- WORK ORDER -
An exact restatement of the entire listing is needed, excluding all images.

──────── DATA BELOW

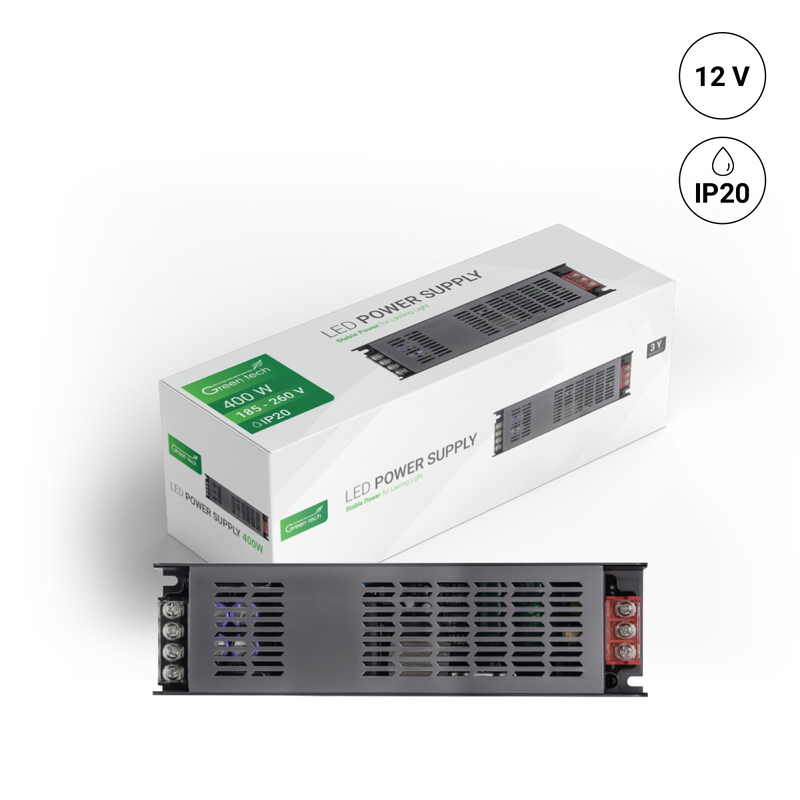 GREEN TECH LED napajanje Green Tech 400W, 12V, IP20 - PS-IP20-12V-400W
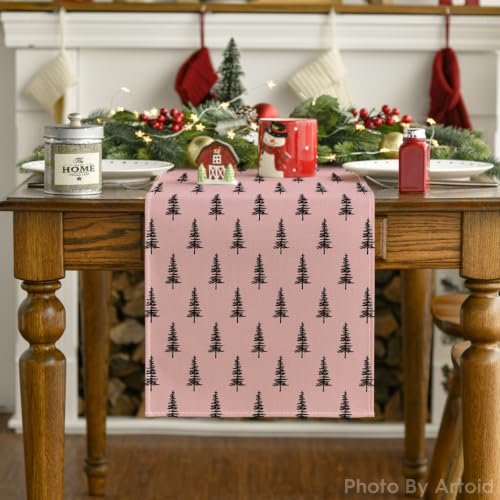 Image of Artoid Mode Xmas Tree Christmas Table Runner Home Party Decor 13x72 Inch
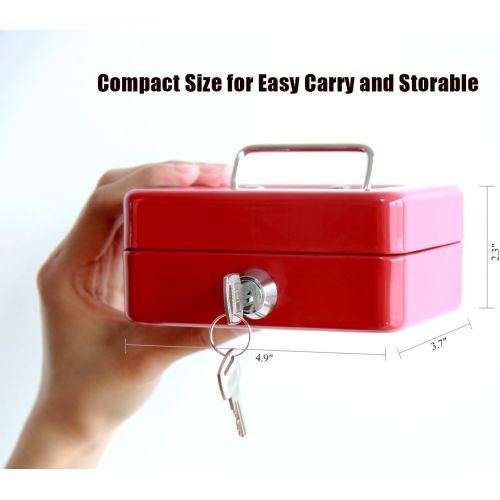  [아마존베스트]Small Cash Box with Lock and Slot - Jssmst Metal Coin Bank Piggy Bank for Adults and Kids, Red(SMCB0303N)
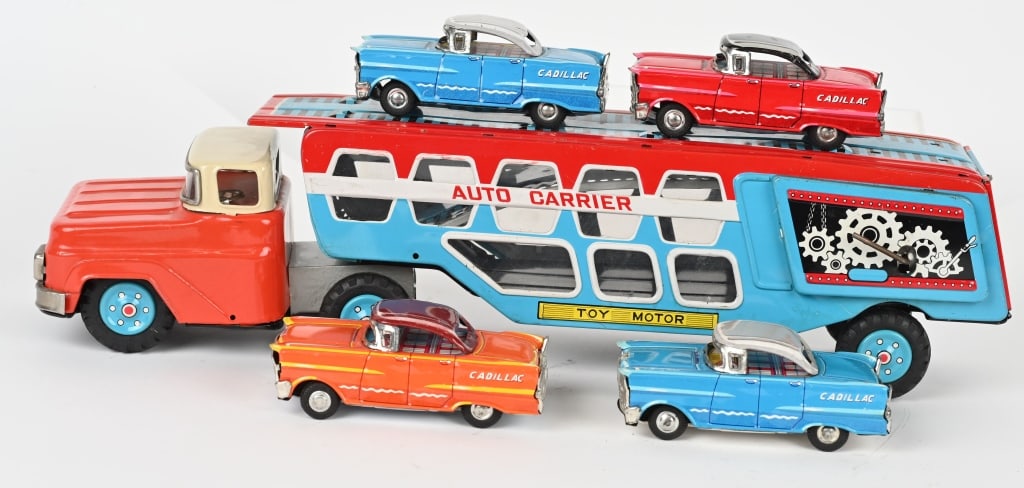 JAPAN TIN FRICTION AUTO CARRIER w/ CARS (1 of 7)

────────────────

- WRITTEN ANSWER -
 GREEN TECH LED napajanje Green Tech 400W, 12V, IP20 - PS-IP20-12V-400W
 Image of Artoid Mode Xmas Tree Christmas Table Runner Home Party Decor 13x72 Inch
  [아마존베스트]Small Cash Box with Lock and Slot - Jssmst Metal Coin Bank Piggy Bank for Adults and Kids, Red(SMCB0303N)
 JAPAN TIN FRICTION AUTO CARRIER w/ CARS (1 of 7)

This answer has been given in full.